In Part I of this essay, we discussed the origins of the term “equity,” its original meaning of fairness, its degeneration into forced equality of outcome, and its eventual inversion into unfair repression of some groups as a necessary means to bring about successful outcomes for others.

In this second part, we describe how equity—equality of outcome—is implemented in various socio-political models. Our point is that equity as fairness brought about voluntarily through love for neighbor is good, true, and beautiful, but that “equity” as involuntarily forced equality of outcome is inconsistent with human freedom and dignity, and is therefore an unnecessary and intolerable evil.

V. Equity Implemented Voluntarily Through Love of Neighbor

When equity, generously (or originally defined), is implemented within a social group freely and voluntarily by the members of the group, it may result in equality. This form of equity is unique in that it is the only kind that not only meets the material needs of the members of the community but also their needs to be respected, appreciated, and loved as they are helped with material support of their rational nature. Such a form of equity is consistent with the dignity and freedom of the human person.

This manner of equity implementation is historically proven to work, more than once, most famously in the New Testament book of Acts: “And all who shared the faith owned everything in common; they sold their goods and possessions and distributed the proceeds among themselves according to what each one needed. Each day, with one heart, they regularly went to the Temple but met in their houses for the breaking of bread; they shared their food gladly and generously; they praised God and were looked up to by everyone.”

Josef Ratzinger, Pope Benedict XVI, advocated for this  “Civilization of Love” and offered it as a model for every country, rejecting the notion that the ideal society can be attained through any arrangement of State-centered bureaucracy:

There is no ordering of the State so just that it can eliminate the need for a service of love. Whoever wants to eliminate love is preparing to eliminate man as such. There will always be suffering which cries out for consolation and help. There will always be loneliness. There will always be situations of material need where help in the form of concrete love of neighbor is indispensable…The State which would provide everything, absorbing everything into itself, would ultimately become a mere bureaucracy incapable of guaranteeing the very thing which the suffering person—every person—needs: namely, loving personal concern. (Pope Benedict XVI. God Is Love (Deus Caritas Est) (pp. 36-37). United States Conference of Catholic Bishops (USCCB). Kindle Edition.)
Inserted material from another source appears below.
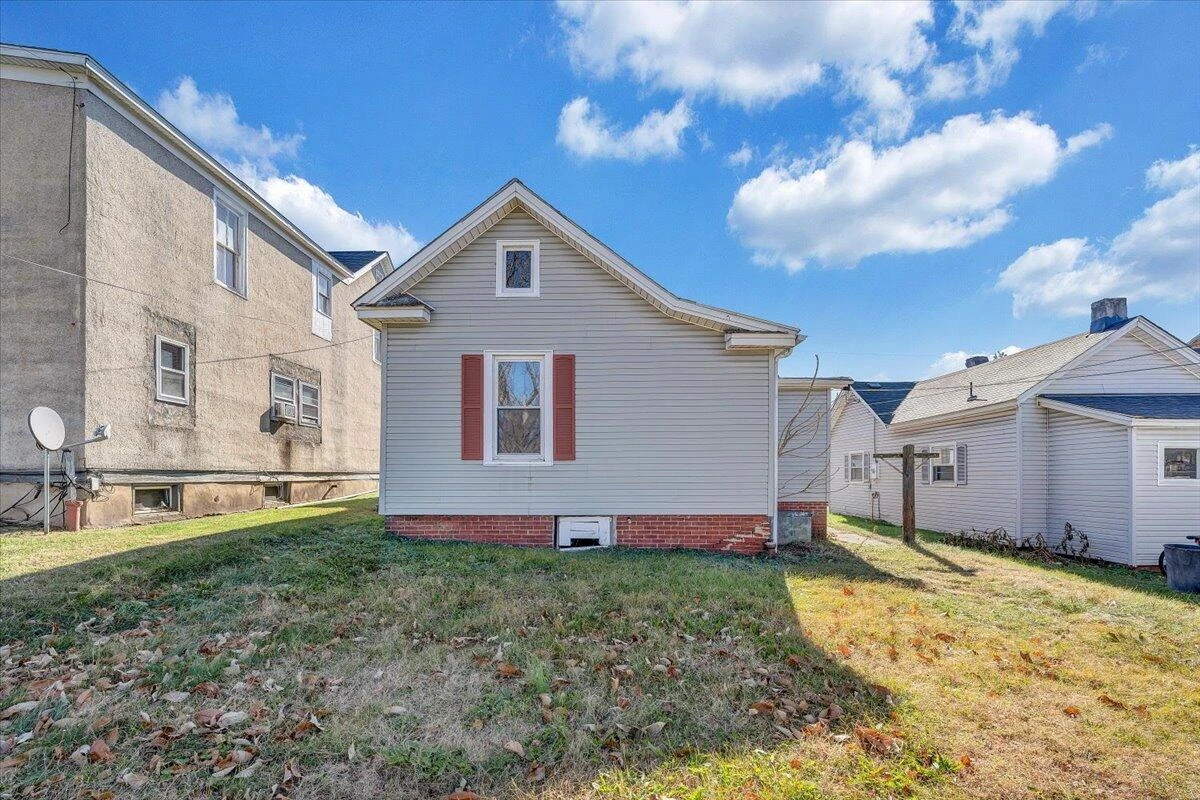 228 Beech ST - Photo 23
In principle, the best way to implement equity as fairness would be freely, voluntarily, with the colleges acting as “nurturing mothers” (the plural meaning of “alma mater”), and with the college professional community doing voluntarily whatever it takes to support our students.
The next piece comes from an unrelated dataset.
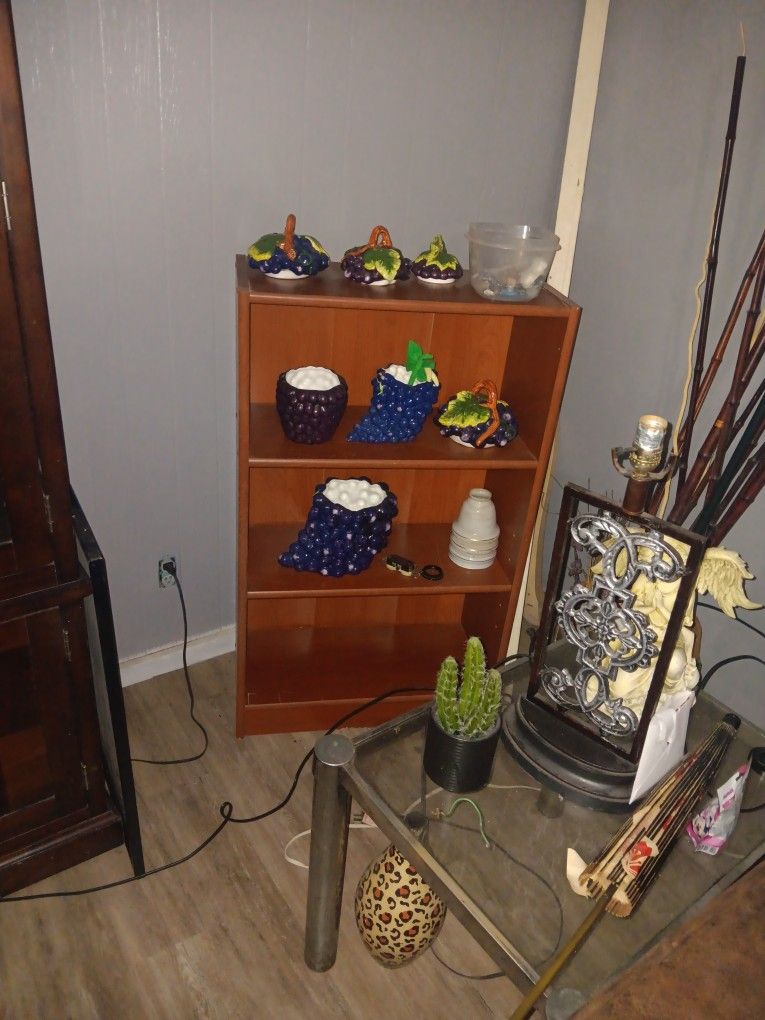 2 Book Shelves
Many faculty members have been acting under this model for years. For just one example, many years ago one of our mentors, long retired, would announce to his classes during the first week instruction that if they didn’t have money to buy their books they could meet him at the campus bookstore at 5:00pm. He took them inside and bought their books for them—willingly, not through taxation, involuntary redistribution, or force. Similarly, the whole nursing faculty and student body at Madera Community College work with the community—volunteering freely to provide students with food, including hot, prepared meals, clothing, and even freedom from sex-trafficking. They work with the local “soup kitchen,” a term they use to disguise the “religious” name of the facility, which may offend if uttered on a public college campus. These nursing instructors and trainees would not want to (appear to) violate the non-establishment clause of the First Amendment.

Our campus has a food pantry through which college personnel distribute (freely donated) food to our students and their families. None of the efforts of these college professionals are required by their professional job descriptions. They are doing significant work toward the implementation of equitable outcomes and are contributing to the formation of a civilization of love.

VI. Equity as Implemented Through State-Managed Capitalism

When voluntary implementation of equity out of love of neighbor fails to work well enough to bring about equitable outcomes—in the sense of providing for everyone’s basic needs—then those who value equity will support pursuing it through law. Such proponents of equity are capitalists, in the sense that they realize that capitalism can produce sufficient wealth to distribute, according to laws that require distribution in a manner which reduces income gaps within a society, taking from the wealthiest and redistributing that wealth to the poor and to the still-needy parts of the middle class.

Since this step crosses the line from voluntary material support to the redistribution of wealth through law and taxation, and since “behind every law is the barrel of a gun,” it replaces love with the force of law and fails to fully meet the needs of its beneficiaries to be respected, appreciated, and loved as human persons. In fact, those whose “surplus value” is seized through taxation will often resent or hate those to whom their money and property are given. Forced redistribution of wealth through law may indeed decrease economic inequality, but it does not tend to create a civilization of love.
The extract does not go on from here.